Jeff Sessions Considering Running for Senate: Reports

Jeff Sessions Considering Running for Senate: Reports
Attorney General Jeff Sessions in Washington on May 3, 2018. (Samira Bouaou/The Epoch Times)
Zachary Stieber
10/29/2019
Updated:
10/29/2019

Former Sen. Jeff Sessions (R-Ala.) is reportedly considering a run for the U.S. Senate seat in Alabama he vacated to become President Donald Trump’s attorney general.

Three Republicans who weren’t identified told The Associated Press that Sessions is exploring the possibility, including making phone calls discussing the potential bid.

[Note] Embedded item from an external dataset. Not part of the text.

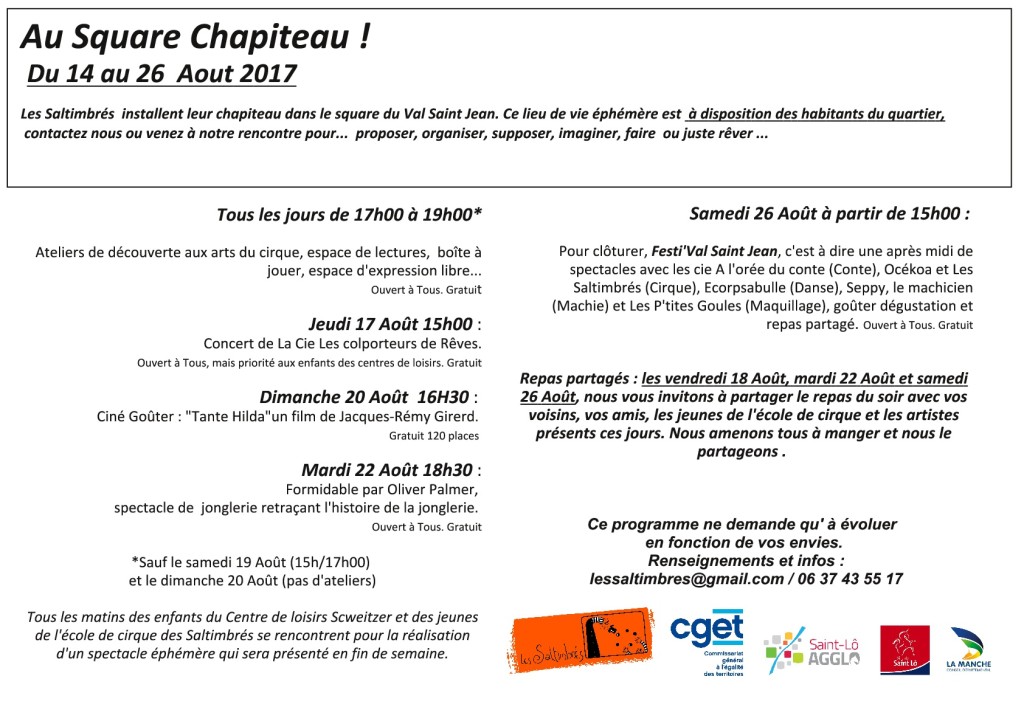 Programme Au square chapiteau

Multiple Republicans familiar with the matter told Politico that Sessions is considering a campaign.

“We are hearing that Sessions is seriously considering running for Senate again and that polling indicates he would be in very good shape. The Club for Growth has in the past and would once again encourage him to run for that Senate seat,” David McIntosh, president of the Club for Growth, said.

“We were enthusiastic way back early on, that Sessions, when he retired from the attorney general spot, might go back to the Senate. At that point, he didn’t want to think about that because he was just finishing up one job. I’m very encouraged he’s now seriously considering it.”

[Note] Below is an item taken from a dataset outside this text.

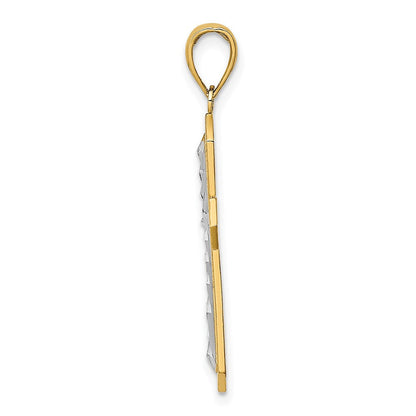 14K Gelb & Rhodium mit Mittig Kreuz Charm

Sessions has until 5 p.m. on Nov. 8 to declare his candidacy; the primary vote is slated for March 3, 2020.

Sessions, 72, would be vying with a slew of Republican candidates in the primary race, including Rep. Bradley Byrne, state Rep. Arnold Mooney, and Alabama Secretary of State John Merrill.

Alabama Rep. Bradley Byrne in a file photograph. (AP Photo/AL.com, Mike Kittrell)
Alabama Rep. Bradley Byrne in a file photograph. (AP Photo/AL.com, Mike Kittrell)

But Sessions would likely become one of the top candidates if not the top.

“I suspect Sessions would become an immediate front-runner if he were to enter the race,” said David Hughes, a political scientist at Auburn University in Montgomery, told The Associated Press.

Merrill said Sessions entering “would change the dynamic of the race dramatically” and force each candidate to decide what to do.

Sessions won the 2014 race without opposition and the 2008 election with more than 63 percent of the vote.

Trump fired Sessions on Nov. 7, 2018. That day, the president said in a statement: “We thank Attorney General Jeff Sessions for his service, and wish him well!”

But Trump also expressed negativity when speaking about Sessions, who recused himself from the Trump–Russia investigation.

“The Russian Witch Hunt Hoax continues, all because Jeff Sessions didn’t tell me he was going to recuse himself...I would have quickly picked someone else,” Trump wrote on June 5, 2018. “So much time and money wasted, so many lives ruined...and Sessions knew better than most that there was No Collusion!”